Outra mudança é que serão ampliados os termos para dar mais liberdade aos estatutos. A convocação dos cooperados será simplificada e as assembléias gerais, fortalecidas. As pessoas físicas poderão ser filiadas como pessoa jurídica, possibilitando o direito a apenas um voto, mas não podendo ser votadas. O fundo de Assistência Técnica, Educacional e Social (Fates) poderá ser capitalizado, isto é, tornar-se capital social a critério da assembléia geral. Também é prevista a criação do Conselho Nacional do Cooperativismo – com paridade entre governos e sociedade, além de ter caráter consultivo.
Contribuição do MDA
O público atendido pelo Ministério do Desenvolvimento Agrário (MDA) é formado, em sua maioria, por cooperados da agricultura familiar e reforma agrária. Representantes dos movimentos sociais e entidades ligadas ao cooperativismo reconhecem no MDA a estrutura do governo com a qual devem dialogar para tratar de suas demandas. Um exemplo é o apoio, entre as ações do Plano de Desenvolvimento Territorial elaborado pelo Ministério, às cooperativas e à economia solidária.

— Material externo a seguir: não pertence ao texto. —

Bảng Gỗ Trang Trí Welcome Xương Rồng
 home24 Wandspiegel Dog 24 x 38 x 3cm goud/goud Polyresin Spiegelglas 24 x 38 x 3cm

Para o MDA, o processo de desenvolvimento econômico dos territórios rurais passa necessariamente pelas organizações cooperativas, tanto é que foi criada uma coordenação-geral de Cooperativismo, Negócio e Comércio na Secretaria de Desenvolvimento Territorial (SDT/MDA). No Ministério, há, também, uma rubrica orçamentária específica para tratar do tema.